Sorry for the vagueness of this - I'll try to get something more concrete.
I've reproduced this with the plugin built from commit f5ce1f7. I'm less sure about which AJAX calls are relevant, however.
I haven't observed memory leaks with Blue Ocean - this is just with the Classic pipeline stage view.
timretout Thank you, that investigation may be enough on its own for me to be able to solve this. I was under the impression that the root cause was something nasty and complex with the DOM elements, but if the cause is simply the cache, that's fairly easy to solve.

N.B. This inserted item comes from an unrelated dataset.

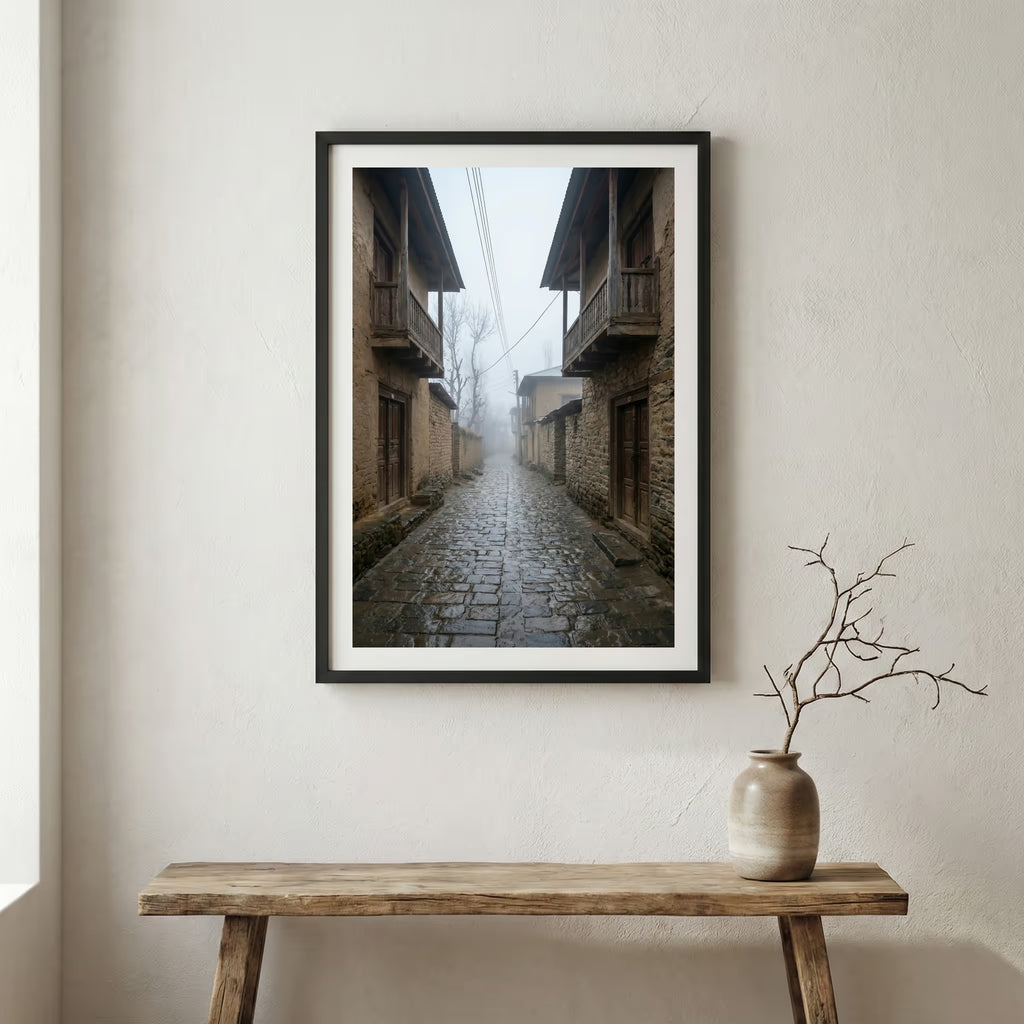 Traditional stone and wood village houses on a misty, terraced mountainside — wooden frame canvas wall art print, 12×18 in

michaelneale cliffmeyers sorry, to clarify: I've seen this problem with that particular commit (tip of master at time of writing), with 2.7 and in fact going back quite a while, so I'm not sure when the issue was introduced.
svanoort I tried commenting out the insertions into the "cache" variable in ui/src/main/js/model/rest-api.js but this did not work for me, so although I believe the variable is named "cache", my devtools-fu is not strong enough to find out which cache!
EDIT: my new hunch is that it's the jQuery cache, $.cache - I think there are event handlers not getting cleaned up, or something similar.
timretout yes I expect it is some structural code or dom stuff not being cleaned up, I find it hard to believe it is just data from the server that takes up so much space, but hopefully cliffmeyers will get a chance to take a look soon. Any other help appreciated.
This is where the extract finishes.